Dataset records →
--- START ---

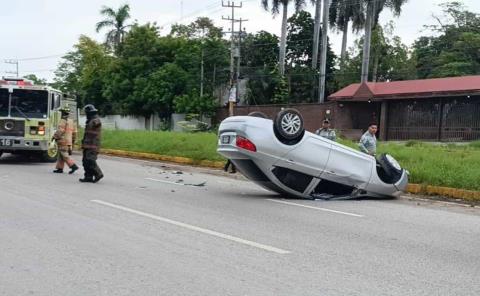 VOLCÓ COCHE DE UNA PAREJA                
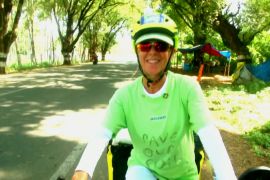8000 км десятьма країнами: француженка влаштувала велопробіг на захист ґрунту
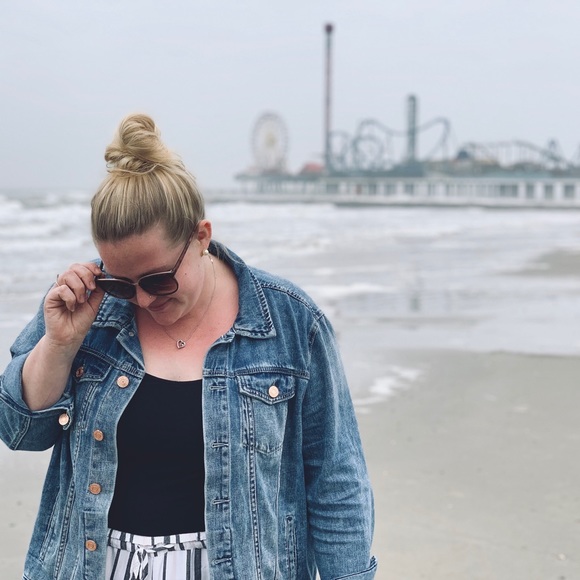 Meet your Posher, Kelsey - Picture 1 of 1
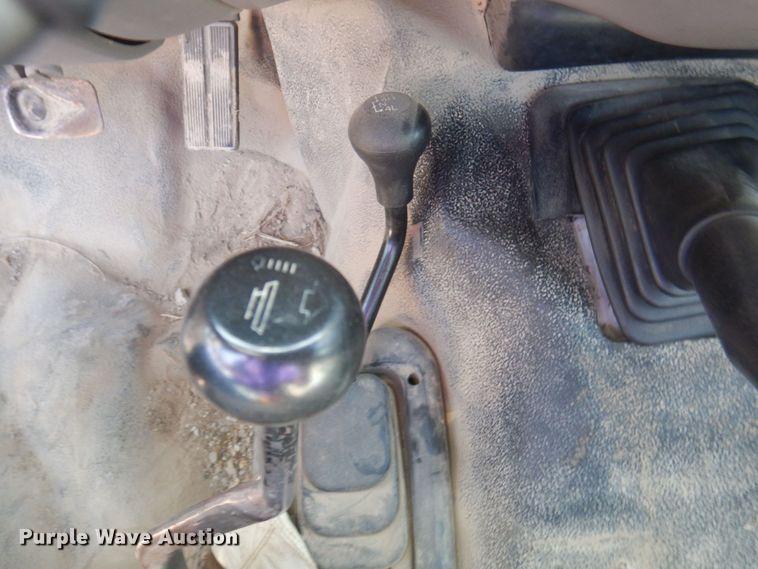 image for item MU9691 2001 Ford F550 Super Duty XL  utility / service truck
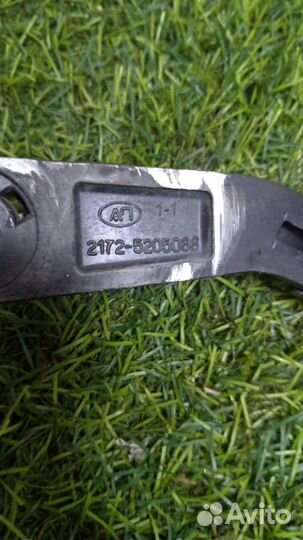 Поводок стеклоочистителя правый LADA (Ваз) 2172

--- END ---

Task description → Set down every record exactly, without the pictures.

Exercise result →
 VOLCÓ COCHE DE UNA PAREJA                
8000 км десятьма країнами: француженка влаштувала велопробіг на захист ґрунту
 Meet your Posher, Kelsey - Picture 1 of 1
 image for item MU9691 2001 Ford F550 Super Duty XL  utility / service truck
 Поводок стеклоочистителя правый LADA (Ваз) 2172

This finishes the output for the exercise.